Our study has several limitations, including its small sample size and retrospective characteristic, and the association of SOAI with other concurrent therapies. We could not accurately evaluate the effect of SOAI on intraocular retinoblastoma on its own. However, previous studies on retinoblastoma treatment have been limited by similar shortcomings. Although our data revealed the treatment results and complications, further follow-up is necessary to evaluate the long-term effects of SOAI.

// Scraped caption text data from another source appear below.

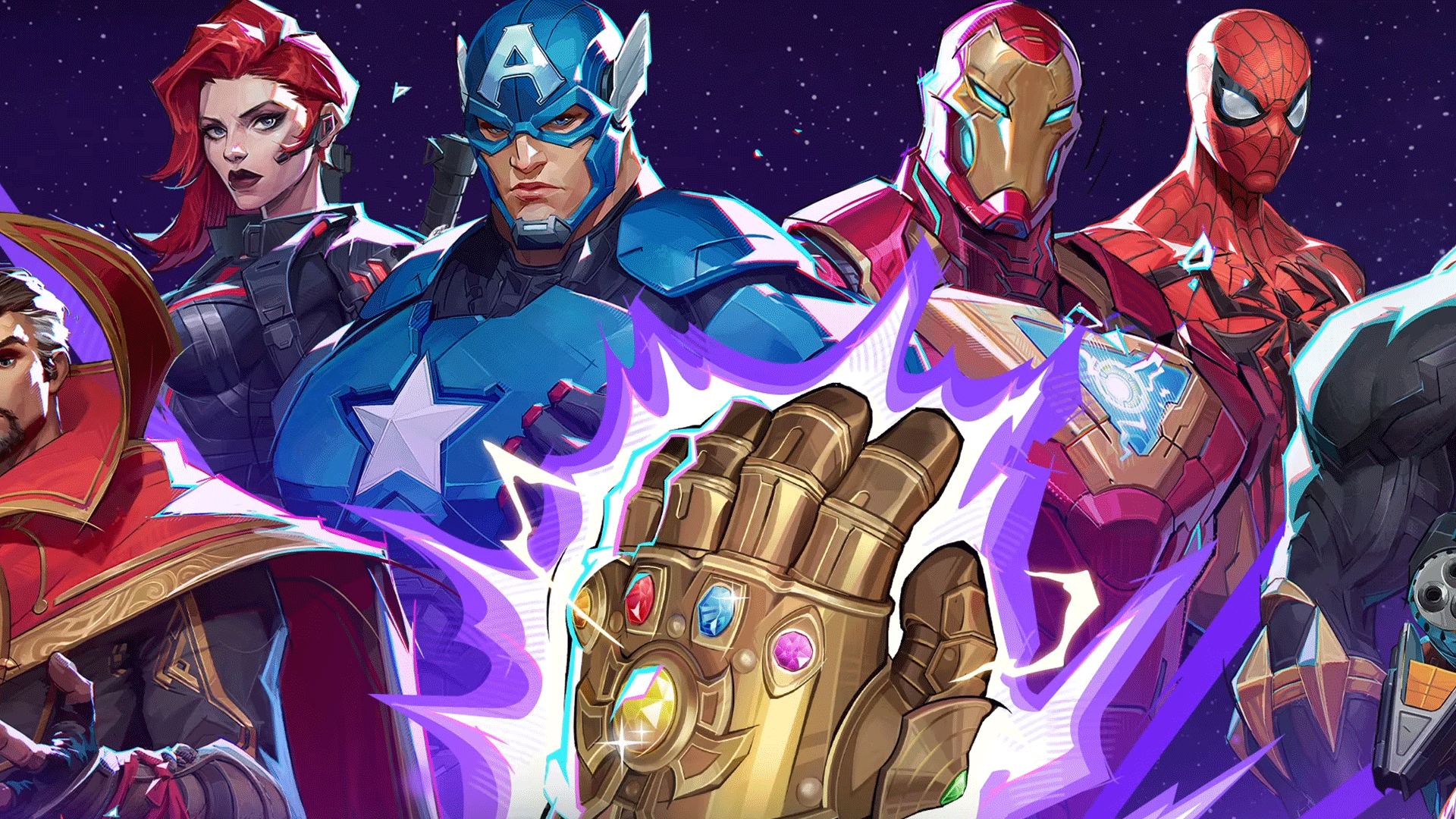 Marvel Rivals - Official Season 10.5 'New Modes and Halloween' dev ...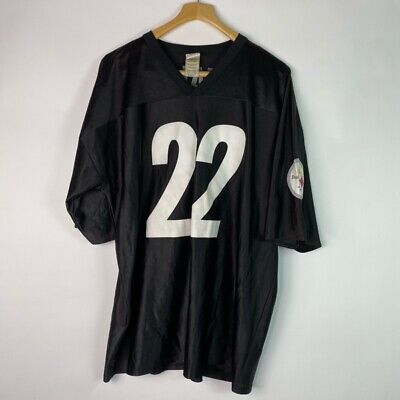 تويوتا خدمة العملاء Pittsburgh Steelers Mens Duce Staley #22 NFL Jersey Black XXL | eBay تويوتا خدمة العملاء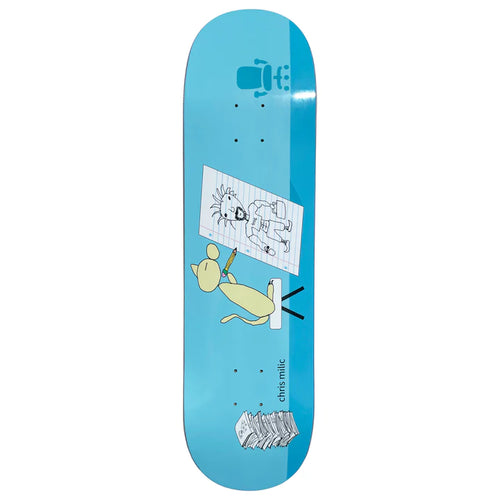 Frog - The Artist Chris Milic Deck - Blue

In conclusion, we have demonstrated that SOAI of melphalan is a successful globe-salvage therapy in treating advanced intraocular retinoblastoma when combined with other treatment modalities. Rare systemic complications were observed in this series, and significant ocular toxic effects that were occasionally vision-threatening were discovered. Despite the effective tumor control of SOAI, we suggest using this new therapy with caution for advanced cases, particularly for patients with high-risk features and potential for metastasis. The increased risk of metastasis resulting from repetitive SOAI with delayed enucleation could threaten the patient’s life. EBRT could be considered as a globe-salvage method for advanced cases with profound vitreous seeding, and enucleation continues to be a life-saving technique for the treatment of advanced intraocular retinoblastoma.